In the spring of 1777 the army of Washington amounted to about 7000 men. No action occurred between the main armies until August when the British landed in Maryland with the intention of capturing Philadelphia. On the 11th of September the two armies met at Brandywine--a desperate battle ensued and a partial dearly purchased victory was gained by the English. On the approach of the enemy the City of Penn was abandoned. On the 4th of October another severe battle was fought at Germantown which proved disastrous to the American troops in consequence of their becoming separated and confused by a thick fog. These keen misfortunes were more than balanced by the capture of the entire British army in the north under Burgoyne by Gen. Gates on the 17th of October. On the reception of this news France recognised the Independence of the United States, entered into a treaty of alliance and furnished important aid by sending many of her brave sons to the rescue. The English retreated to New York in the spring of 1778 from which place they made frequent descents upon various places, destroying private property, murdering the inhabitants and spreading desolation wherever they went.
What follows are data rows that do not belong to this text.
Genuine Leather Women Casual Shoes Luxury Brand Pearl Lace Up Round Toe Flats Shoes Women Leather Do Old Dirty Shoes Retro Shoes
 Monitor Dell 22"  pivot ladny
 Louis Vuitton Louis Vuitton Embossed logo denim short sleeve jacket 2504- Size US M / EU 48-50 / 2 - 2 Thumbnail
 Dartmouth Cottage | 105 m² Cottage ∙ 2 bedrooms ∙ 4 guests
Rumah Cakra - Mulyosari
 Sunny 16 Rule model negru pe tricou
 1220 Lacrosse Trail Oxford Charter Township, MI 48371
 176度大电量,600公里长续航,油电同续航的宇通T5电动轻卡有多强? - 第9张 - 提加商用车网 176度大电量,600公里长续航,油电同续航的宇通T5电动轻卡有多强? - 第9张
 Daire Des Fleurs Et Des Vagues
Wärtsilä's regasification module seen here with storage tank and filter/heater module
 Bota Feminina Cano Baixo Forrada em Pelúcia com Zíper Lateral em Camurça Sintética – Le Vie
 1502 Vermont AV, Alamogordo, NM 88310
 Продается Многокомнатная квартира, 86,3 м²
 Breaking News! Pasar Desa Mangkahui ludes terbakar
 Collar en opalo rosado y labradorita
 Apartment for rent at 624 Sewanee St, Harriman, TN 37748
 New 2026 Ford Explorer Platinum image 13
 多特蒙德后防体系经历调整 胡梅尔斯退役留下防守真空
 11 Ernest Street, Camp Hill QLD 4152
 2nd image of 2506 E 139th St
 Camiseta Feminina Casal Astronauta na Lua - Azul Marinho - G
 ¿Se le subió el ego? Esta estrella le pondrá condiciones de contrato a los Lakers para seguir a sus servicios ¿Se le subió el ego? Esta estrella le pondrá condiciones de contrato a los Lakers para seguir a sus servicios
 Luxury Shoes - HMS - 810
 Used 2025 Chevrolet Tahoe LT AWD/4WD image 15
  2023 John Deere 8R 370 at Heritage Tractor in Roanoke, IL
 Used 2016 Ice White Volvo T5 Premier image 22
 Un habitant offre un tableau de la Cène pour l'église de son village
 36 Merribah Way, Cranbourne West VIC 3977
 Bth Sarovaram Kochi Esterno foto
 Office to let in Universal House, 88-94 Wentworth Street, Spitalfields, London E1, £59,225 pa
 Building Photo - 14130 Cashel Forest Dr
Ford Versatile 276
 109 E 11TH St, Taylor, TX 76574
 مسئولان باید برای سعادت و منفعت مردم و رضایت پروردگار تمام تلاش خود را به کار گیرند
They sent an expedition to Georgia and were crowned with victory. During this year no decisive battle was fought. The same during 1779. The British seemed to be better pleased with a predatory warfare than pitched battles which they carried on in a manner that put savage barbarity in the shade and made the inquisitor general of Madrid mourn for lost humanity. Alas for the Christian majesty of mother Britain.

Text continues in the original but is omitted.